The basic jfet buffer shown in the last paragraph may be improved upon by connecting the gate resistor to a bias voltage instead of to ground. This allows the gate voltage to set the bias at the source to a higher vlaue which increases the headroom and allows a large signal input before clipping. The Vr point on this circuit connects to a bias voltage source as shown in the first paragraph. Input impedance is again approximately the value of R1. It could easily be increased to 10M or more for a cleaner sound with high impedance signal sources such as high-output humbuckers or piezo sensors with only a slight incerase in the thermal noise contributed by the higher value of R1.

If you do not have a bias source available for Vr and you want to keep down the parts count, the gate bias can be set by a pair of resistors as shown in this example. The input impedance is the value of R1 paralleled by R3, or 500k ohms in this example, but you could easily increase their values to 2M to maintain the 1M input Z. This is the buffer that I used on the front end of the Dr. Quack Envelope Filter.

A bipolar transistor may also be pressed into service if the input impedance does not have to be as high as that available from jfets. The advantage is that the bipolars usually have a lower output impedance and are generally easier to find. The disadvantage is the lower input impedance available as compared to fets.

An alternate configuration is shown here that uses the voltage bias on the input in the same manner as the second jfet example above. This is the buffer used in the TS-series distortion boxes.

If you substitute a mosfet transistor into the circuit of the last example and tweak the source and gate resistor values, it is essentially the AMZ Mosfet Booster in buffer mode. (See how these building blocks are useful?) A 9v zener diode (D1) is used for static protection on the mosfet gate. Mosfets have high capacitances between its electrodes and though there is no Miller Effect to multiply those capacitances, their value can nonetheless be high enough to cause high frequency rolloff depending on the characteristics of the individual mosfet transistors.

It is also possible to use a pair of 10M resistors to provide the bias voltage to the gate of the mosfet similar to the earlier Dr. Quack buffer.

An opamp is an even better buffer amplifier, though many believe they are somewhat colder sounding and more sterile than the transistor versions. The opamp gain is exactly unity and the output impedance is quite low; typically measured in tens of ohms instead of hundreds as with the transistors. It also has the lowest parts count of any of the simple buffers presented here.

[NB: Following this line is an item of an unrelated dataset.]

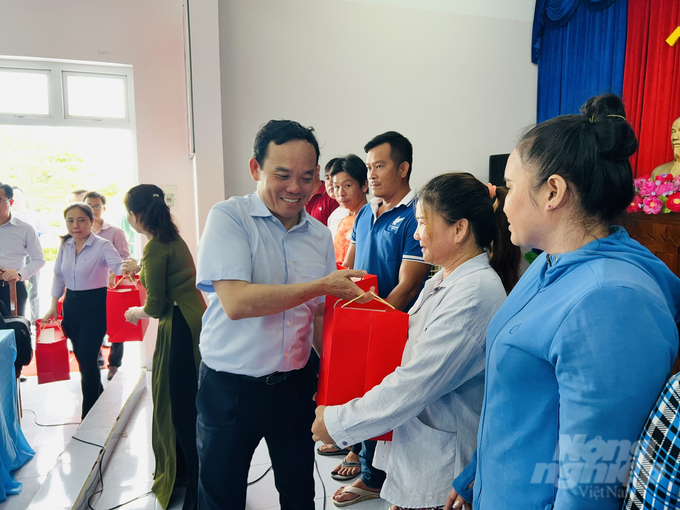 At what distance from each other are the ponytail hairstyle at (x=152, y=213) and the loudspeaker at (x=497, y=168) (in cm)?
338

Voltage divider biasing is also possible with the opamp and the input impedance is calculated the same way as with the transistor versions similarly biased.

This opamp buffer inverts the signal, which is useful when used in conjunction with following gain stages that also invert the signal and therefore would make the output non-inverted when compared to the input. This is important if the signal is mixed with other signals from the same source since cancellation could occur otherwise. The gain is unity and is set by R2/R1. The small 5pF capacitor is optional and gradually rolls off the high frequencies above the audible range. The input impedance of this circuit is the value of R1.

Miscellaneous: Selection of the jfet or bipolar type is not critical, almost any transistor will work fine without problems. The gain of the transistor versions is slightly less than 1, probably 0.9 to 0.96. Transistors with higher hfe will be slightly closer to unity gain.

The transistor circuits have very poor power supply noise rejection. Battery power works well with them but if used with an AC adapter, it must be well filtered and hum-free or the noise will be combined with the signal.

For the jfet or mosfet circuits that use a single resistor on the gate for bias, you can increase the value of R1 to provide a higher input impedance. I typically use jfets on inputs and bipolars for output buffers where their better drive characteristics are needed.

While this article just scratches the surface of buffer amplifiers, it presents enough basic circuits to handle 99% of effects requirements. Any of the building blocks above may be dropped into a circuit exactly as presented.